Faculty of Computer Science (FACOM) - Federal University of Uberlândia (UFU), Av. João Naves de Ávila 2121, BLB, 38400-902, Uberlândia, MG, Brazil.
Federal Institute of Triângulo Mineiro (IFTM), R. Belarmino Vilela Junqueira, S/N, 38305-200, Ituiutaba, MG, Brazil.
J Imaging Inform Med. 2024 Aug;37(4):1691-1710. doi: 10.1007/s10278-024-01041-w. Epub 2024 Feb 26.
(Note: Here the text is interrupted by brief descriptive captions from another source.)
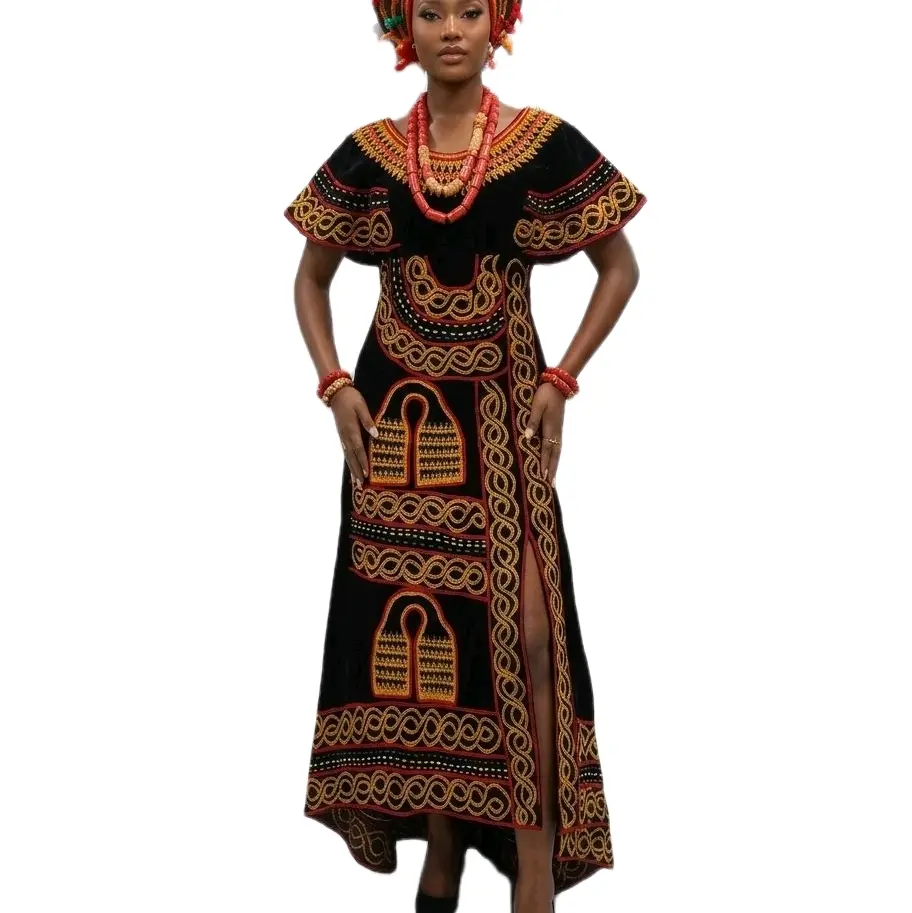 Women's Exclusive Fringed Toghu Dress - African Traditional Bamenda Costumes with Embroidery, Fits Most Sizes, Hand Wash or Dry Clean Only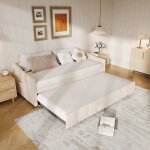 Lit gigogne 90x200 cm - velours beige - canap� - lit extensible - 2 places - 370 kg de charge - sommier ...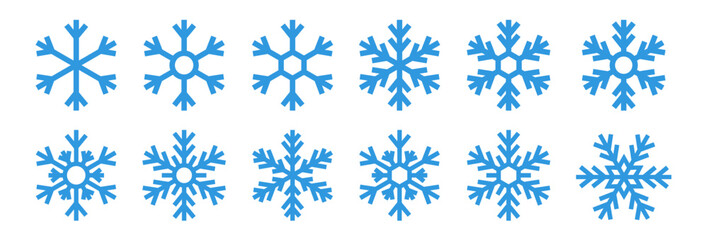 Set blue snowflake icons collection isolated on white background.	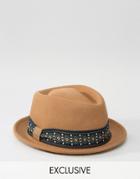 Reclaimed Vintage Trilby Hat With Geo Band Brown - Brown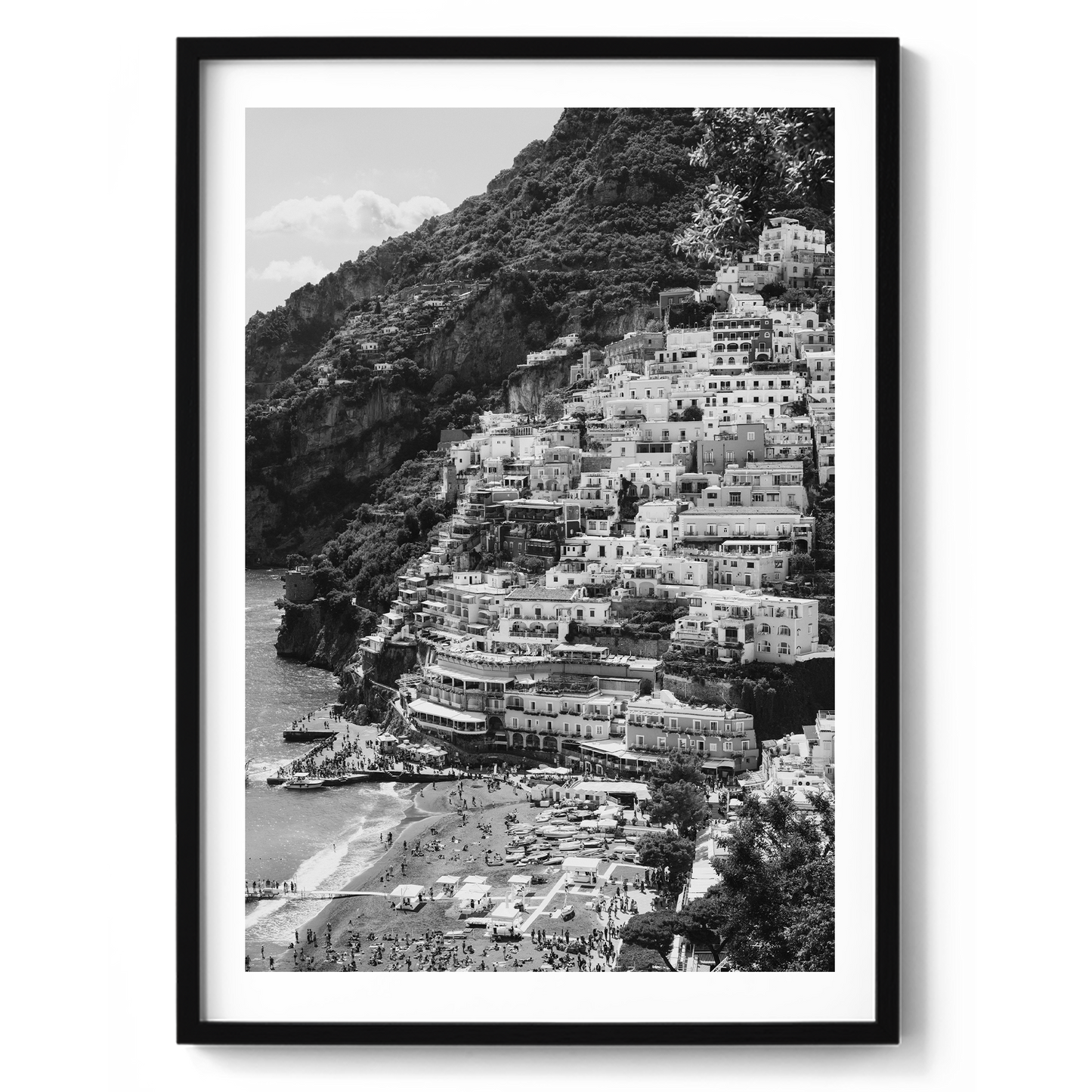 Colourful Italy - Positano B&W - Wall Art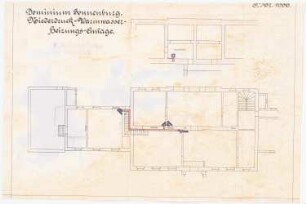 Schloss Sonnenburg, Bad Freienwalde: Grundriss Kellergeschoss mit Niederdruck-Warmwasserheizungsanlage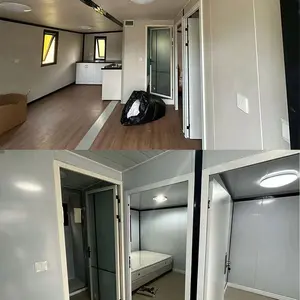 Murah 20ft disesuaikan kamar tidur baja dengan kamar mandi prefabrikasi kontainer dapat diperluas rumah bergerak Modular mewah rumah kecil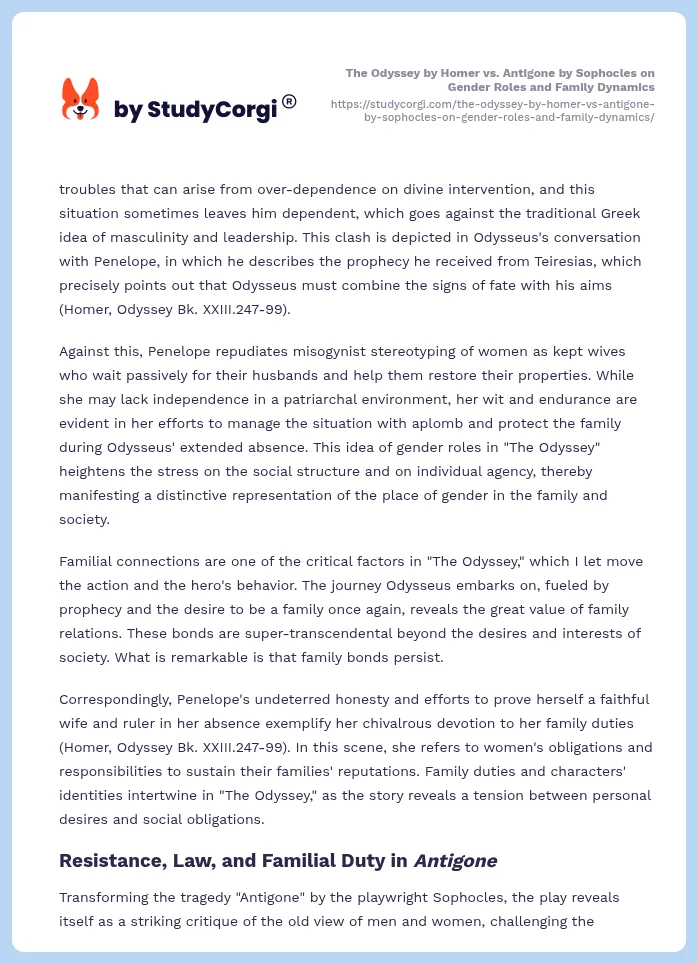 The Odyssey by Homer vs. Antigone by Sophocles on Gender Roles and Family Dynamics. Page 2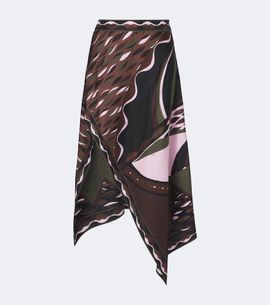 Pucci Pucci Dune asymmetric silk twill midi skirt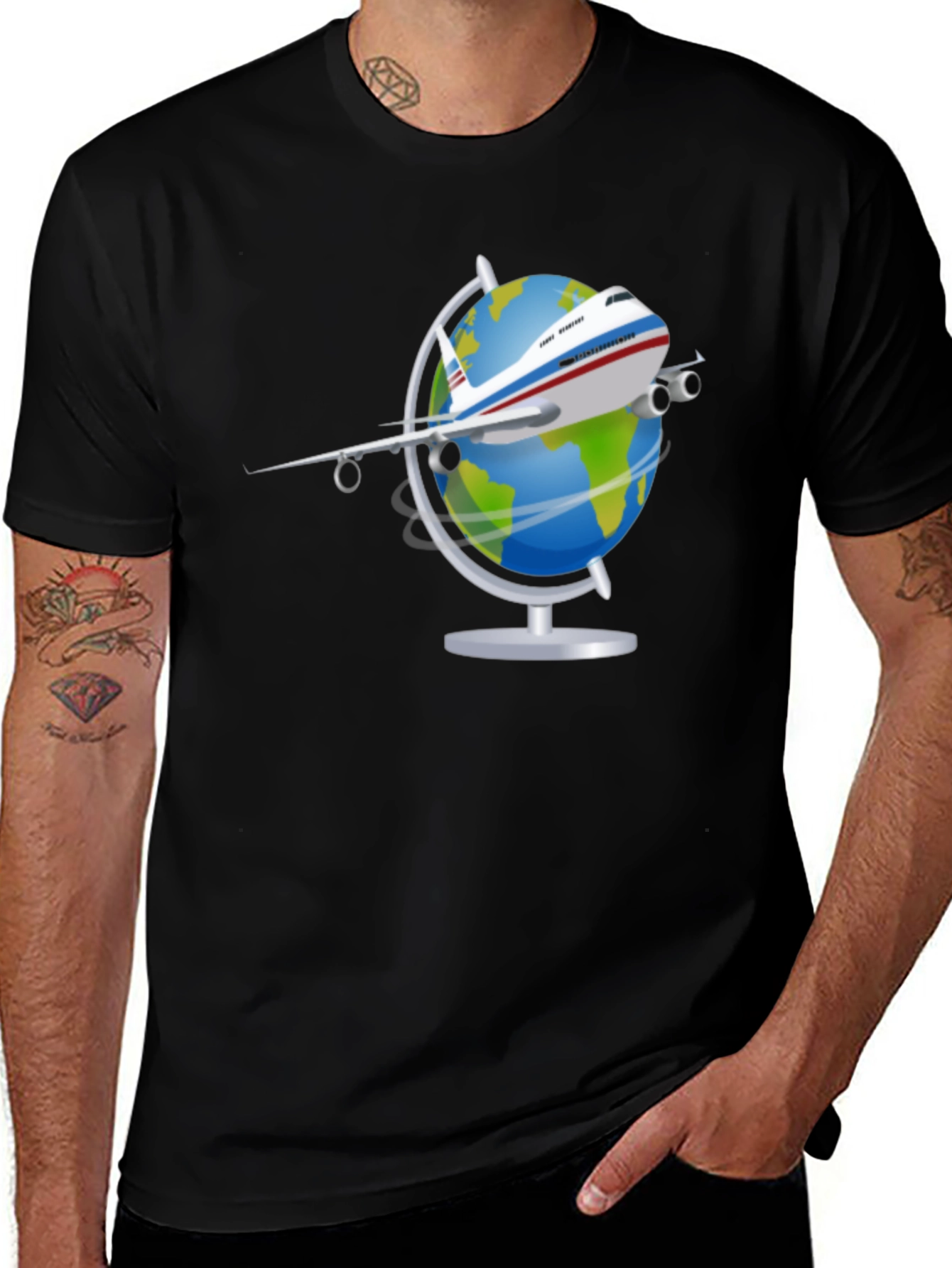 Variant 12 of Travel the World Airplane Globe Graphic Tee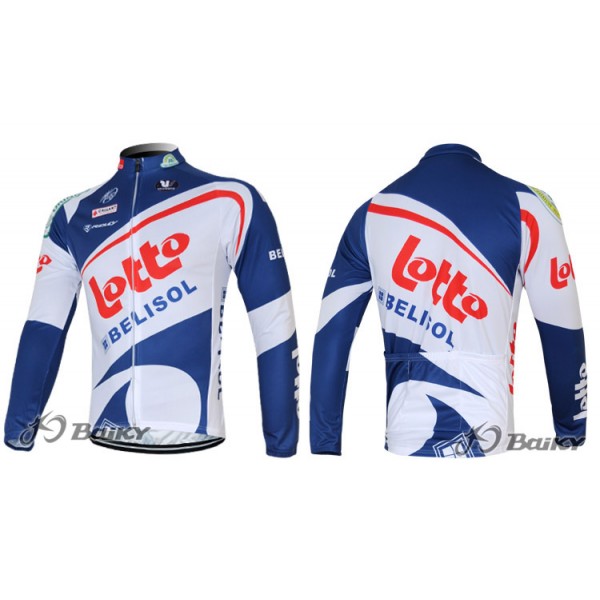 Lotto Belisol Fahrradbekleidung Radtrikot Satz Langarm und Lange Trägerhose Weiß Blau Radtrikot De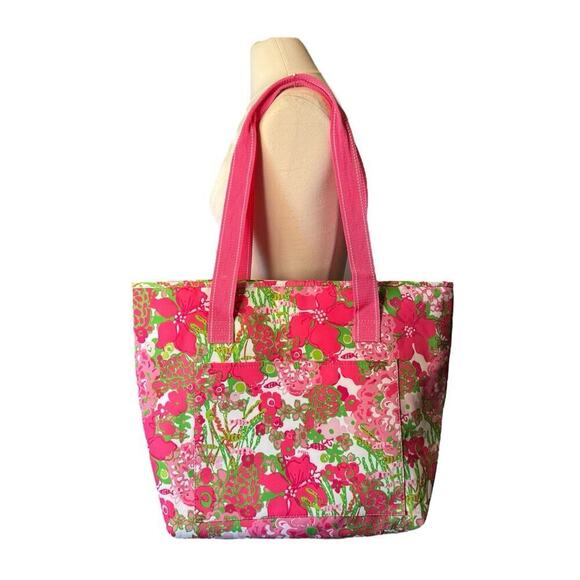 Lilly Pulizer Pink Beach Rose Insulated Large Shoulder Tote Bag Picnic Cooler - Picture 1 of 10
Early diagnosis of potentially malignant disorders, such as oral epithelial dysplasia, is the most reliable way to prevent oral cancer. Computational algorithms have been used as an auxiliary tool to aid specialists in this process. Usually, experiments are performed on private data, making it difficult to reproduce the results. There are several public datasets of histological images, but studies focused on oral dysplasia images use inaccessible datasets. This prevents the improvement of algorithms aimed at this lesion. This study introduces an annotated public dataset of oral epithelial dysplasia tissue images. The dataset includes 456 images acquired from 30 mouse tongues. The images were categorized among the lesion grades, with nuclear structures manually marked by a trained specialist and validated by a pathologist. Also, experiments were carried out in order to illustrate the potential of the proposed dataset in classification and segmentation processes commonly explored in the literature. Convolutional neural network (CNN) models for semantic and instance segmentation were employed on the images, which were pre-processed with stain normalization methods. Then, the segmented and non-segmented images were classified with CNN architectures and machine learning algorithms. The data obtained through these processes is available in the dataset. The segmentation stage showed the F1-score value of 0.83, obtained with the U-Net model using the ResNet-50 as a backbone. At the classification stage, the most expressive result was achieved with the Random Forest method, with an accuracy value of 94.22%. The results show that the segmentation contributed to the classification results, but studies are needed for the improvement of these stages of automated diagnosis. The original, gold standard, normalized, and segmented images are publicly available and may be used for the improvement of clinical applications of CAD methods on oral epithelial dysplasia tissue images.
早期诊断潜在恶性疾病,如口腔上皮异型增生,是预防口腔癌最可靠的方法。计算算法已被用作辅助工具,以帮助专家在这个过程中。通常,实验是在私人数据上进行的,这使得很难复制结果。有几个公共的组织学图像数据集,但专注于口腔异型增生图像的研究使用了无法访问的数据集。这阻止了旨在治疗这种病变的算法的改进。本研究介绍了一个公共的口腔上皮异型增生组织图像标注数据集。该数据集包括从 30 只老鼠舌头上采集的 456 张图像。这些图像根据病变等级进行分类,细胞核结构由经过培训的专家手动标记,并由病理学家验证。此外,还进行了实验,以说明所提出的数据集在文献中常见的分类和分割过程中的潜力。对图像进行了语义和实例分割的卷积神经网络 (CNN) 模型的实验,对图像进行了染色归一化方法的预处理。然后,使用 CNN 架构和机器学习算法对分割和非分割图像进行分类。通过这些过程获得的数据可在数据集中获得。分割阶段使用 U-Net 模型和 ResNet-50 作为骨干网络,获得了 0.83 的 F1 分数值。在分类阶段,随机森林方法取得了最有表现力的结果,准确率为 94.22%。结果表明,分割有助于分类结果,但需要进一步研究以改进自动诊断的这些阶段。原始、金标准、归一化和分割图像是公开的,可用于改进 CAD 方法在口腔上皮异型增生组织图像上的临床应用。